Like its intermolecular counterpart, the intramolecular Michael reaction involves the addition of a nucleophile, often referred to as the donor, to an acceptor, usually an olefin bearing one or more functional groups capable of stabilizing a carbanion.
Strictly speaking, the term Michael reaction refers to the 1,4-, or conjugate, addition of a carbanion to an acceptor under basic conditions. However, just as the scope of a previous review dealing with the Michael reaction was expanded to encompass a wide range of acceptors and noncarbon-centered donors, so too has the scope of this chapter. Furthermore, reactions occurring under both basic and acidic conditions are discussed.
As suggested by the name, the intramolecular Michael reaction most often leads to the formation of a ring, either carbo- or heterocyclic. However, there are many examples of sequential, or tandem, Michael reactions wherein the first inter- or intramolecular Michael reaction is followed directly by an intramolecular variant leading to the formation of more than one ring. In other instances, a nucleophile is delivered to the β-carbon atom of an acceptor in a process which does not lead to the production of a ring. These transformations are referred to as heteroconjugate addition reactions.
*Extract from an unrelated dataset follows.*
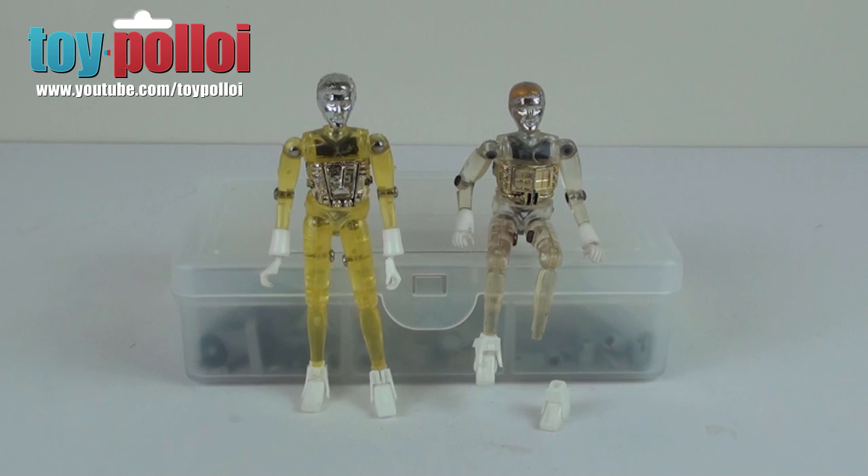Hello and welcome to another video from Toy Poloi. Now, if you collect Micronauts or Microman, a common problem you'll find is that little bits of them will be broken.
In contrast to the intermolecular counterpart, the intramolecular Michael reaction has been formally reviewed only once. Two contemporary publications, however, have focused on the reaction and serve to highlight recent developments. The first example dates back to 1898 when Guthzeit reported that on standing at room temperature for a year, or upon treatment with a “small amount” of pyridine, ethyl α-carboxyglutaconate transforms to the “bimeric” ester. Subsequent reinvestigation by Ingold and co-workers led to the revised structure and to the suggestion that it arose via an initial inter- followed by an intramolecular Michael reaction.
The first systematic study of the intramolecular Michael reaction appeared in 1945. Thus, treatment of a variety of substituted ethyl coumarinates with sodium alkoxide in alcohol solvent leads to coumarins. Of particular interest is the fact that the reaction proceeds efficiently even when the β carbon of the acceptor is substituted with two sterically demanding groups. This apparent lack of retardation by double substitution at the β carbon contrasts sharply with the intermolecular Michael reaction and appears to be general. Another example highlighting the susceptibility of sterically hindered systems to participate in intra- but not intermolecular Michael reactions comes from studies concerning the mode of activation of the antibiotics calicheamicin and esperamicin.
Access to the tetracyclic precursor of a taxol analog was achieved via an intramolecular Michael addition to the relatively hindered β carbon of enone.
The intramolecular Michael reaction again formed the subject of publications appearing in 1951, 1957, and 1962. During the 1960s, comparatively little study or use of the reaction was reported. A notable and historically significant exception, however, was Corey’s use of it in a total synthesis of longifolene.
This approach to the construction of tricyclic systems is similar to that suggested mechanistically in the base-induced conversion of santonin to santonic acid.
The 1970s and 1980s witnessed a dramatic increase in uses of the intramolecular Michael reaction. Much of the chemistry discussed in this chapter focuses upon material discovered during this time period.